I've been reading quite a bit lately, picking up and putting down various titles and genres. Most of my reviews are posted via Goodreads, but every once in a while I stumble onto a 5-star book that demands to be shared here.  Three Girls from Bronzeville:  A Uniquely American Memoir of Race, Fate, and Sisterhood debuts on Sept 7, 2021 and is available to pre-order. (I received a digital Advanced Review Copy via NetGalley.com.)

Cover image Three Girls from Bronzeville
After a career of writing about other people, author Dawn Turner tackles her own coming of age story, skillfully choosing what and how to share her personal experiences growing up in the 1970s with her younger sister and best friend in this powerfully written memoir.

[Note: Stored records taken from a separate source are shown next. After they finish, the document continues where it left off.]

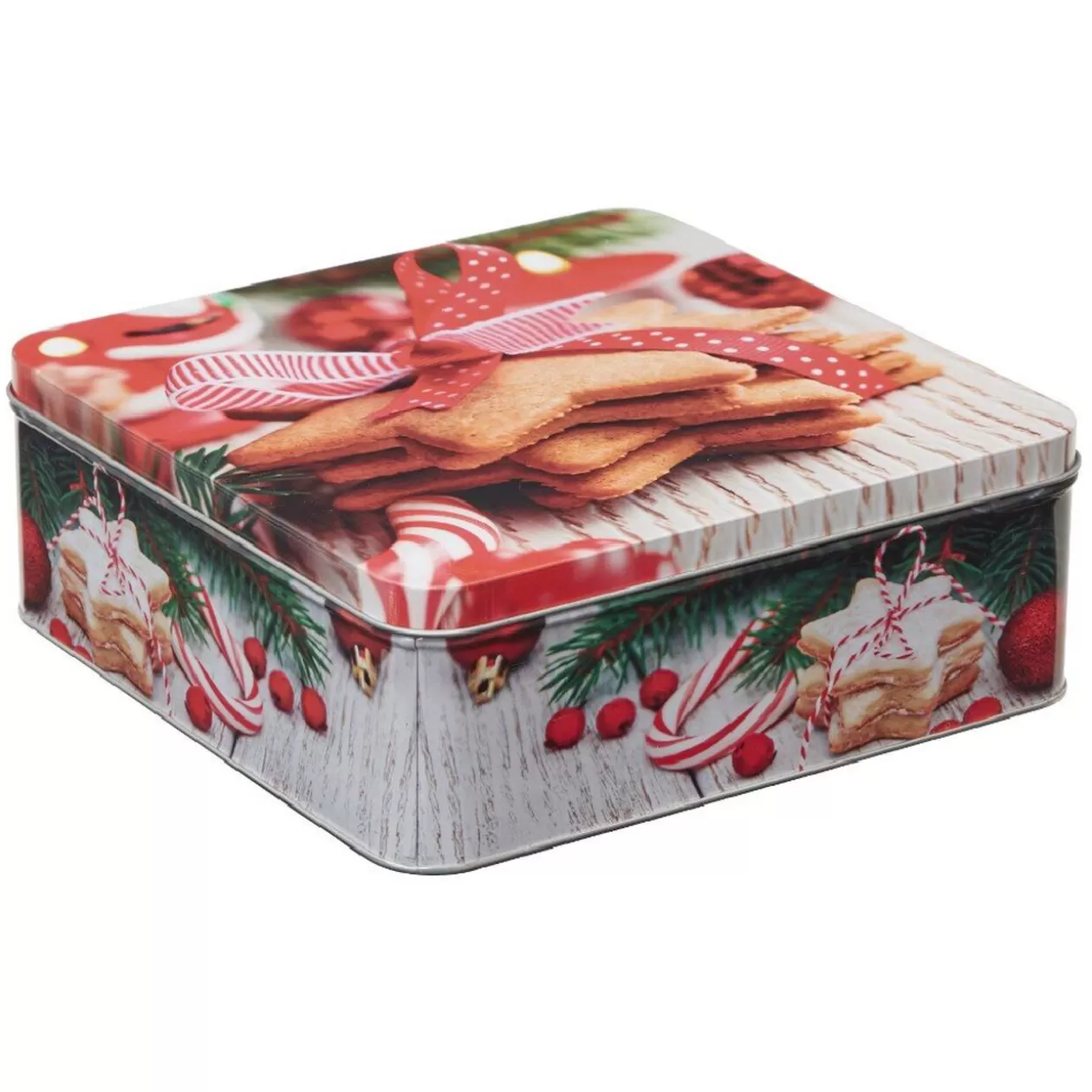 Gifi Boîte de Noël carré vintage métal motif biscuit étoile< Conservation Alimentaire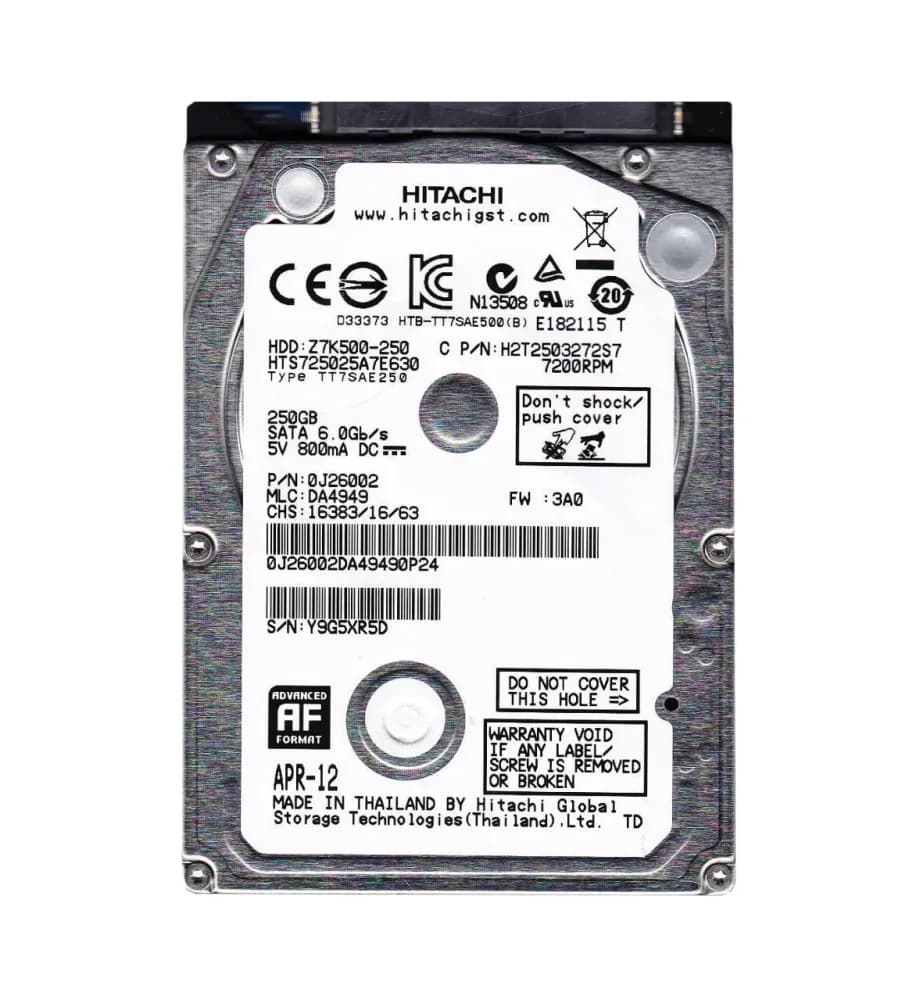 0J26002 - HGST 250GB 7.2K SATA 6Gb/s 32MB Cache 512e 2.5" Hard Drive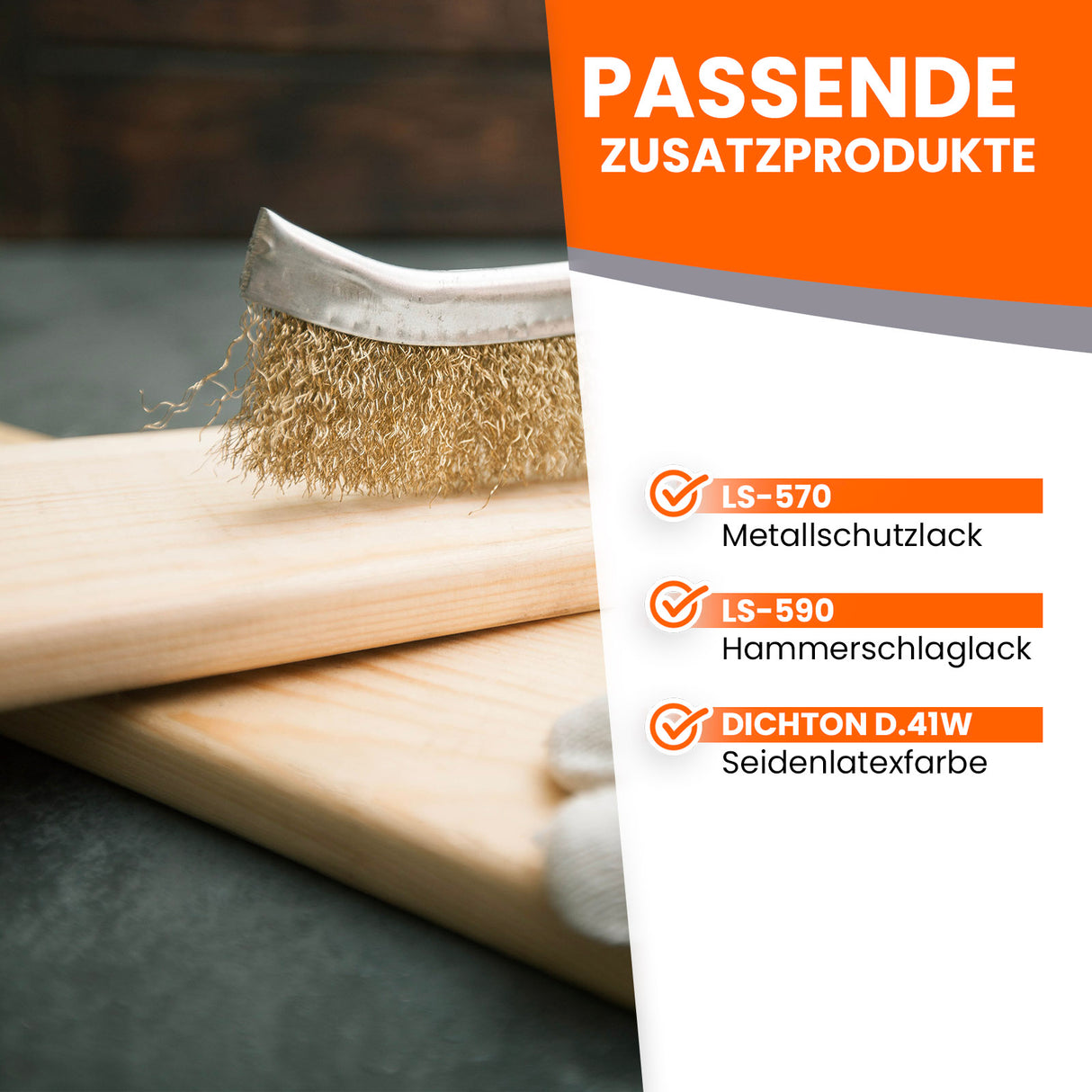 Bürste, Holz, Text über Zusatzprodukte.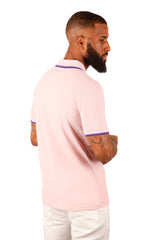 Barabas Wholesale Men's Solid Color Linear Collar and Cuff Polo Shirts 3PS127 Rose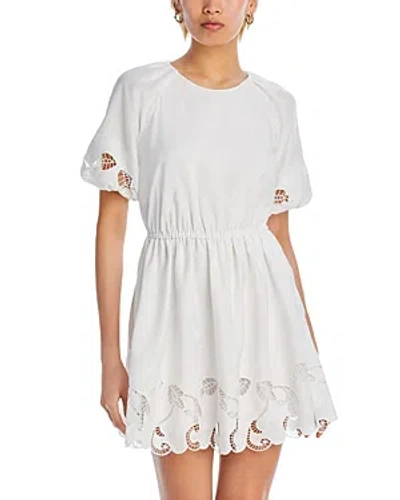 Aqua Puff Sleeve Embroidered Mini Dress - 100% Exclusive In White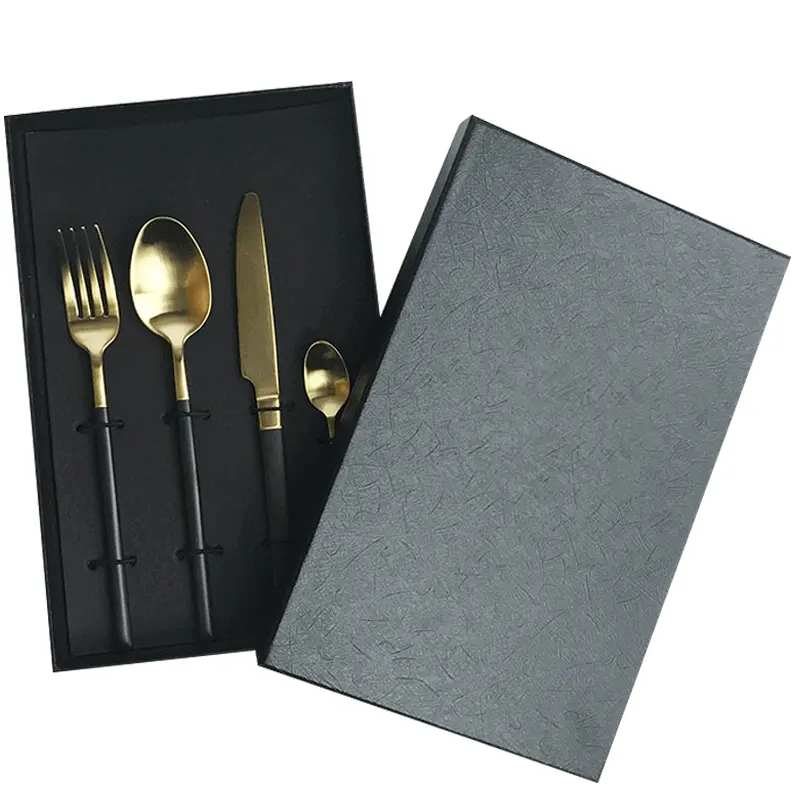 Custom Design Display Cardboard Paper Box Spoons Forks and Knives Packaging Box Set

Living in the historic Bronzeville section south of Chicago, these three children of working class parents are inseparable until life draws them on separate paths to adulthood. Although I recognize the historic people associated with Bronzeville (Ida B. Wells, Louis Armstrong, Bessie Coleman, Richard Wright – to name a very few), I am not familiar with Chicago neighborhoods and relied on a map to get a sense of its physical location. If anything, this endeared me more to the story because I could be present in the descriptive recreation of her childhood home without any preconceptions. The author beautifully juxtaposes her family structure within the neighborhood, connecting the original three girls from Bronzeville with the current girls, and Lordy, Lordy, Lordy, the passage of time that consumes it all.

Her memoir richly captures the poignant message that it is up to each individual to find and adhere to a plan for their life. Without one, they are swallowed up by life’s experiences and circumstances. Dawn uses these circumstances to get into college, where she learned how to develop and manage her plan.

While our future is dependent upon our individual ability to recognize and seize opportunity through our own personal determination and hard work, seeing that opportunity often requires others – as guides and mentors. Yet, people can only do so much for others. As Dawn repeatedly tried to be a positive influence, encouraging her sister and best friend, she could not live their lives for them. They made their own choices and experienced more challenging hardships as a result. Also evident throughout the story are the serious effects of recreational drug use in America, intensified with the introduction of crack cocaine in the 1980s. In some ways, “Three Girls from Bronzeville,” shares broad-stroke commonality with J. D. Vance’s bestseller, “Hillbilly Elegy.”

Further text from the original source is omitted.